■ Collected data ■
╭──

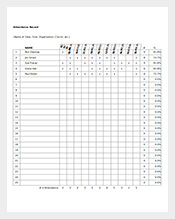 Attendance-Record-Blank-Spreadsheet-Excel-Template-Free-Download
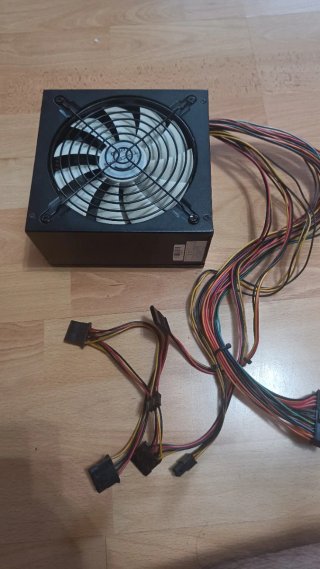 Tacens Radix Eco 500W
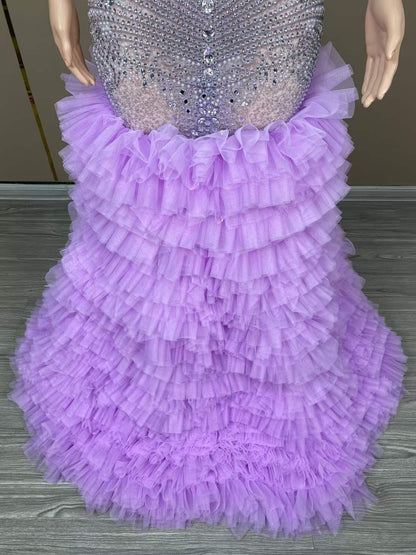 Arise Dress Purple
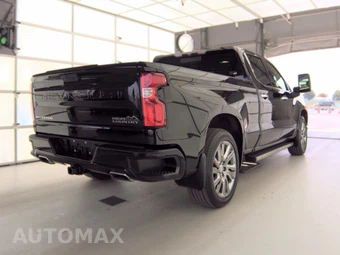 2020 Chevrolet Silverado 1500 High Country Crew Cab Medium Bed 3LZ - miniatura 4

╰──

■ Directions for this task ■
Reproduce the whole listing above character for character; pictures do not belong in it.

■ Response ■
 Attendance-Record-Blank-Spreadsheet-Excel-Template-Free-Download
 Tacens Radix Eco 500W
 Arise Dress Purple
 2020 Chevrolet Silverado 1500 High Country Crew Cab Medium Bed 3LZ - miniatura 4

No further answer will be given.